According to one study of edtech accelerators, 30 percent of education startups have at least one woman on their founding team women—nearly twice the percentage of ventures started by women across other technology sectors.
But like their peers in other industries, edtech found-hers obtain a disproportionately tiny slice of overall investment capital. Only between 2 to 6 percent of companies started by women receive venture capital funding. For women of color, the statistics are even more sobering: Roughly 0.32 percent of funding awarded over the past decade went to Latin American women; and for African American women, the number was an infinitesimal 0.0006 percent.
The capital is out there. In 2018 alone, total startup funding in the United States reached $150 billion, raised through 8,200 startup rounds. But like the entertainment industry and so many others, women-led enterprises continue to be overlooked.

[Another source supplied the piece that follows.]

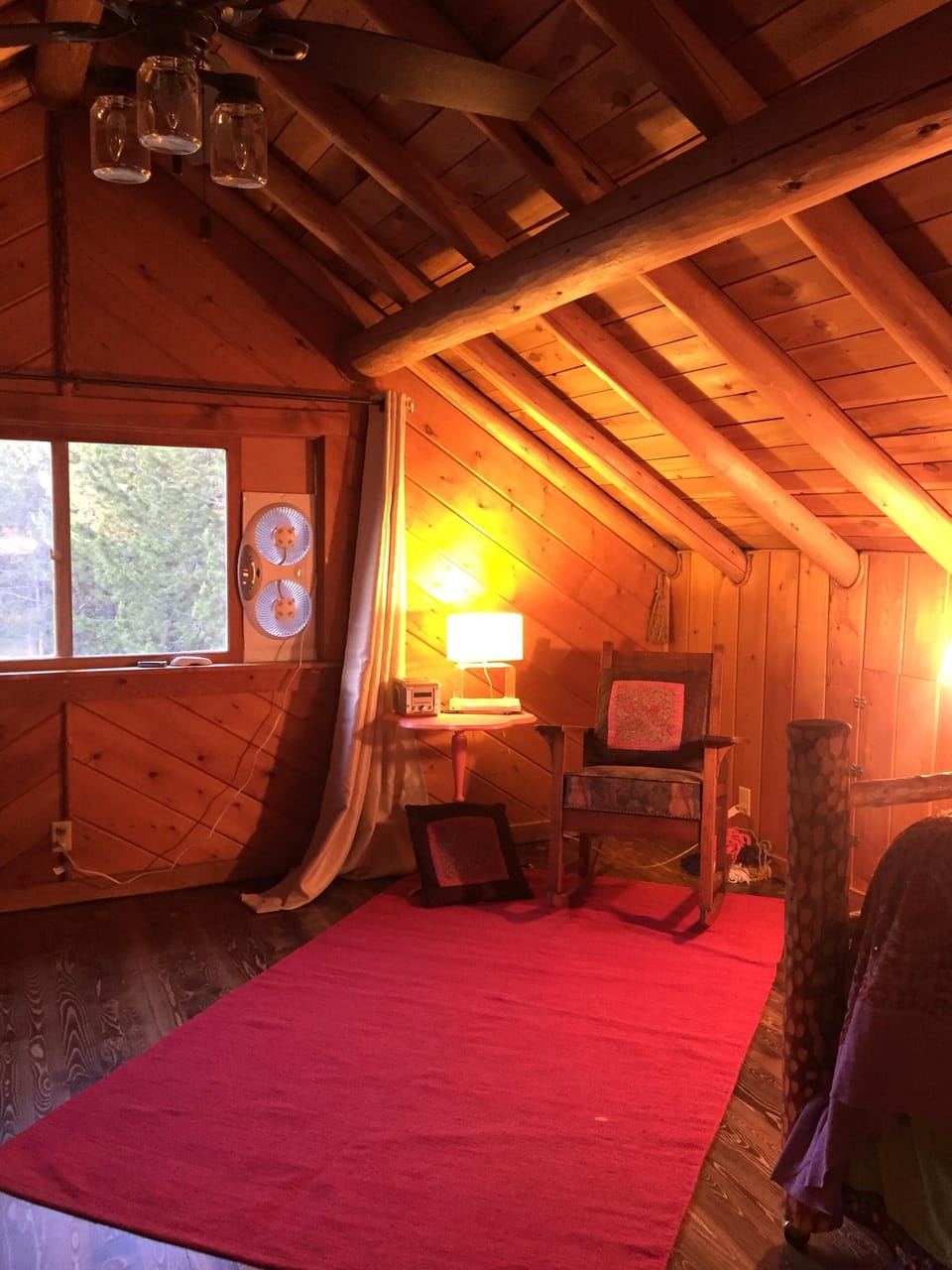 Upstairs loft bedroom which sleeps seven guests
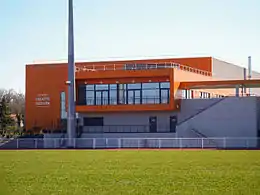 Vue d'un bâtiment orange en forme de pavé en arrière-plan, et d'un terrain en avant-plan.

The industry is long overdue for a change. Investors need to begin thinking more equitably about not only what they are investing in, but also who. A strong early investment in edtech found-hers is not only the right thing to do, it has a history of generating long-term benefits for stakeholders as well as students.
Investors needing more convincing should consider the follow reasons to invest in an edtech found-her:
1. It’s good for business.
Having more women in executive roles benefits the corporate bottom line. Companies with women in at least half of leadership positions deliver higher sales growth, earnings per share growth, and return on assets, according to a Credit Suisse report.
Female founders also have a greater positive impact on startups’ revenue compared with their male counterparts. In fact, one study showed that, for every dollar of venture capital funding received, women-led businesses generated 78 cents. For businesses launched by men, the return was 31 cents.
2. It helps close the financing gap.
The equity gap in fundraising starts early. For women-led ventures, the largest investment discrepancies are felt at the earliest stages of a company’s life.
Investing early in women-founded businesses can make a difference not only in initial financing, but in future rounds as well. That’s because, once funded, the percentage of women-led startups that raise additional rounds of capital at later stages is nearly identical to that of firms founded by men. The gender discrepancy in funding raised during seed and series-A rounds closes significantly by series C and D.
3. It encourages success among women.
Women-led ventures are more likely to hire women. And women-led companies typically have more women across all levels of the company, including executive roles. Nearly half of consumer service firms with women as founders, for example, have women serving in executive roles—compared with only 10 percent of companies started by men.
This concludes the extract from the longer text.